Sometimes I think I should just link directly to Guy Kawasaki's blog. His blog consistently makes me think. Here's some excerpts from a recent post where he interviews Richard Sterns, the President of World Vision.
Question: You had a nearly seven-figure salary, a corporate Jaguar, moved and took a seventy-five percent cut in pay. Why did you leave the corporate sector in 1998 after twenty-three years to run an international Christian humanitarian organization?Great stuff. When you get the chance, check out Guy's post and read the reply comments... (Thanks for the great material, Guy...)
Answer: It wasn't something I planned. At the time, I didn't even want the job. I had been a donor to World Vision for fifteen years when, through a long series of circumstances, I was approached by World Vision, interviewed and offered the position. As a committed Christian, I felt I couldn't say no. When God gives you an opportunity to serve, you obey. I had "talked the talk" of being a Christian for many years, now I needed to "walk the walk." It has turned out to be the greatest privilege of my life to serve the poorest of the poor in Christ's name.
Question: Are you trying to end poverty or evangelize Christianity?
Answer: As a Christian organization, we are motivated by our commitment to Christ to love our neighbors and care for the less fortunate. That's why we do what we do. We don't proselytize. We do not force our religious beliefs on anyone, and we don't discriminate in our delivery of aid in any way. If the people we serve want to know why we are there, we tell them. St. Francis once said: "Preach the gospel at all times. Use words if necessary." Love put into action is a compelling and attractive worldview.
Question: How can people who do not want to radically change their lives make a difference in the lives of the poor?
Answer: To really change the world, values must change. Consider the civil rights movement. Racial discrimination was once openly accepted in the United States. Today it is unacceptable to our mainstream culture. Very few of us are civil rights activists, but we let our values speak in our work places, our schools and to our elected officials.
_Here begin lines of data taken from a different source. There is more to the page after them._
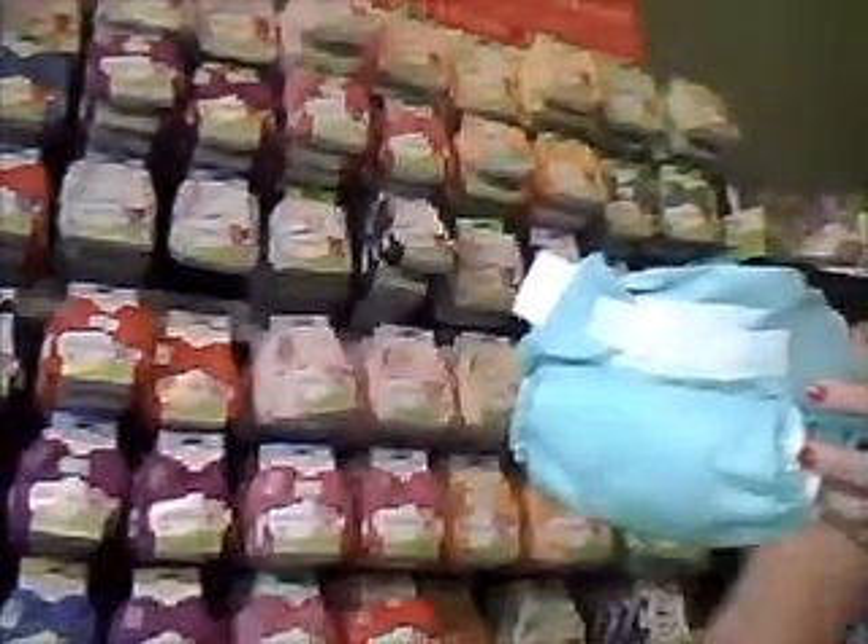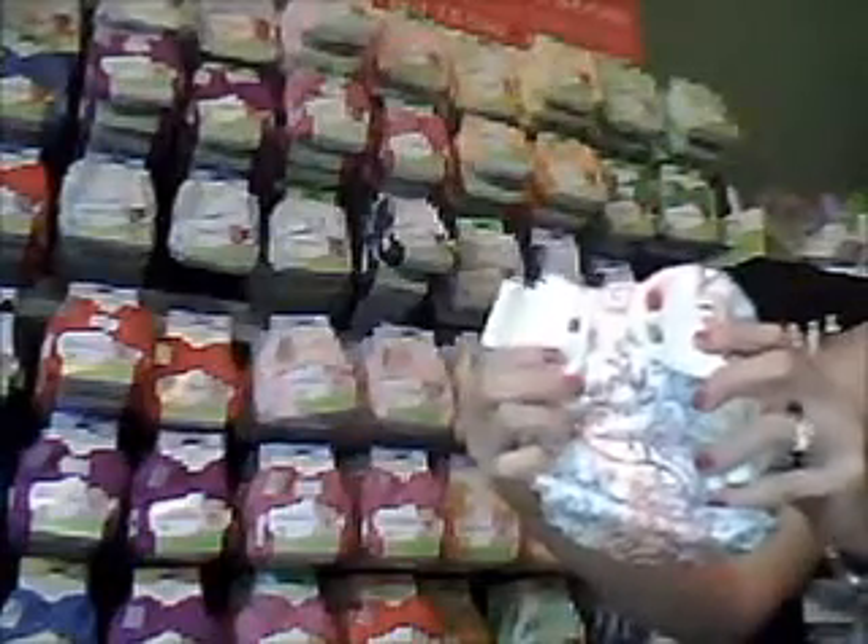All of the BumGenius diapers are pretty much cut the same. They're all going to have either a snap or a hook and loop closure, so you can pick whichever one you want, and they're all a one-size diaper. It's on the smallest setting now, so as the baby grows you just unsnap it — it will go to a medium size, and then all the way unsnapped, growing with your baby until about 35 pounds.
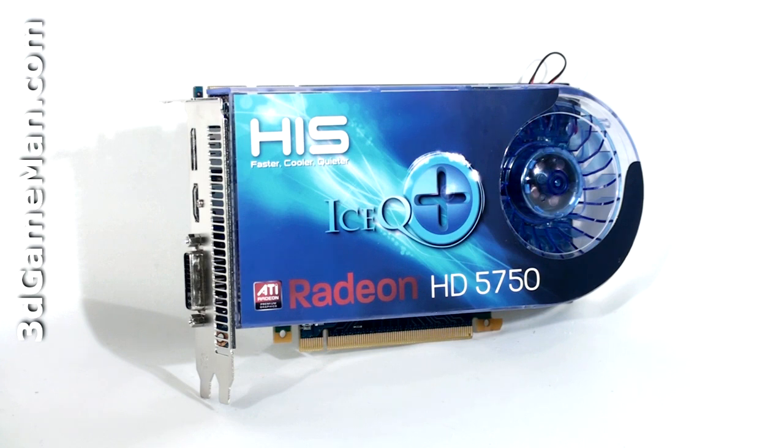CrossFireX multi-GPU technology allows dual, triple, and quad GPU scaling, and PowerPlay power management technology which enables low power consumption at idle.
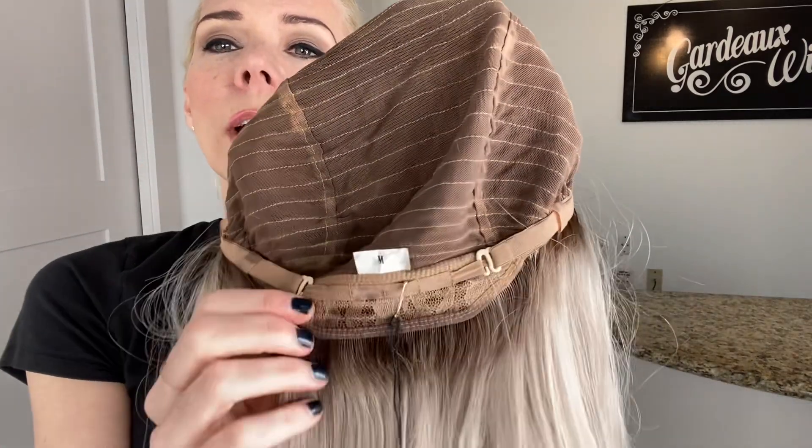Close wefting with adjustable straps, ear tabs with clips and a lace top lace front. I'll put a link below to this exact wig. Thank you.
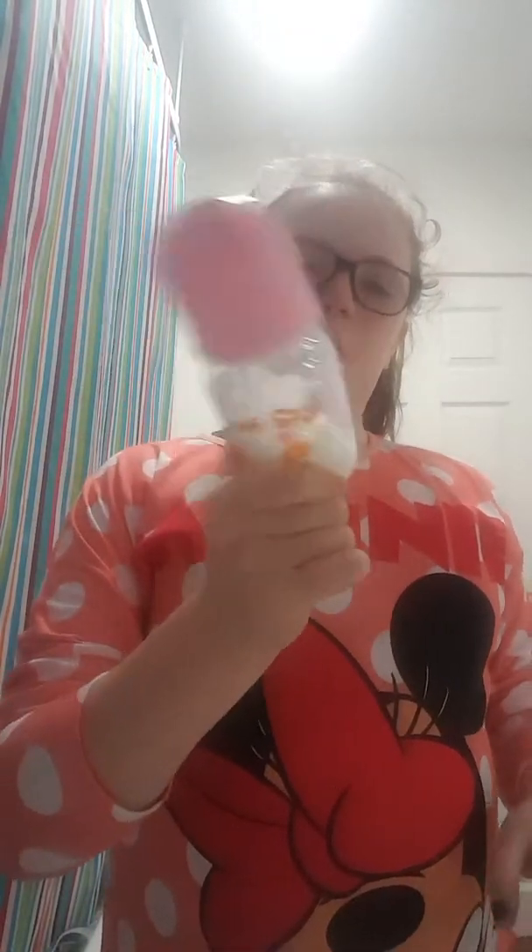Hi guys, today my video is going to be on how to make a bottle. I have everything in here in my bathroom, and the water is going to come from that tap because the baby is going to have to drink it.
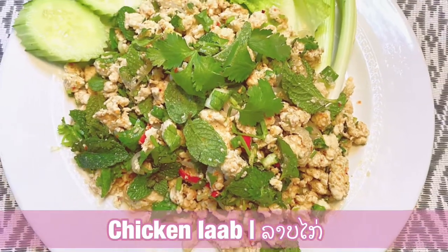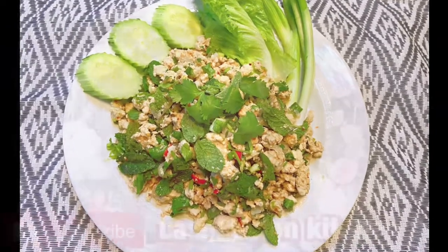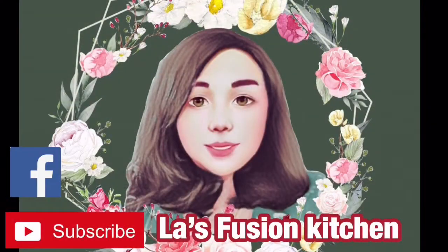You are watching LaFusion Kitchen. Please like and subscribe.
Today, we live in a world that tolerates extreme poverty much like racism was tolerated fifty-plus years ago. We can all become people determined to do something to change the world. We can speak up, we can volunteer and we can give. Ending extreme poverty will take money, political and moral will, and a shift in our value system. When enough ordinary people embrace these issues, things will begin to change. Margaret Mead once said: "Never doubt that a small group of committed citizens can change the world. Indeed, it's the only thing that ever has."
Question: In the eyes of God, do you think someone who goes to Africa and helps AIDS victims is better or worse than someone who writes a check every month?
Answer: I can't speak for God, but I believe God is pleased whenever anyone does something out of love to help the downtrodden. Hands, hearts, and checkbooks are all vital. If we all just did a little--our part--we could change the world.
Question: What are biggest hurdles to alleviating poverty?
Answer: One word: apathy. The very frustrating part is that we actually have the knowledge and the ability to end most extreme poverty. The world just doesn't care enough to do it. The U.S. government has spent more than $400 billion on the war in Iraq to date.
Our annual humanitarian assistance budget for the whole world is only about $21 billion. We spend less than a half percent of our federal budget on humanitarian assistance and less than two percent of private charitable giving goes to international causes. People and governments make choices based on their priorities. Poverty is still not a high priority for the world.
Question: What's the biggest obstacle to get rich people to care about poor people?
Answer: The obstacle is that poverty is often not personal. If your next-door neighbor's child was dying and you could save her for $100, you wouldn't think twice. But a child 10,000 miles away whom you have never met, that's just different.
About 29,000 kids die every day of preventable causes--29,000! These kids have names and faces, hopes and dreams. Their parents love them as much as we love our kids. We've got to make poverty personal. Stalin once said: "A million deaths is a statistic, one death is a tragedy." We must try to see the face of the one child.
Question: What advice would you give to someone reading this who is considering leaving a corporate job to "change the world?"
Answer: There's a tendency among those uninformed about global poverty to say, "This ain't rocket science. People are hungry; let’s feed them." What they don’t realize is that the deeper you get into relief and development, you realize it really is rocket science. Problems like poverty, disease and hunger are humanity's most intractable problems. They haven't been solved in 5,000 years, and they won't be solved overnight.
We need to systematically address a wide range of social, environmental, cultural, political, and religious issues. But the good news is that we do have the answers. Now, we just need the resolve to make poverty reduction a priority and persevere until we see results. We can fix this; we really can.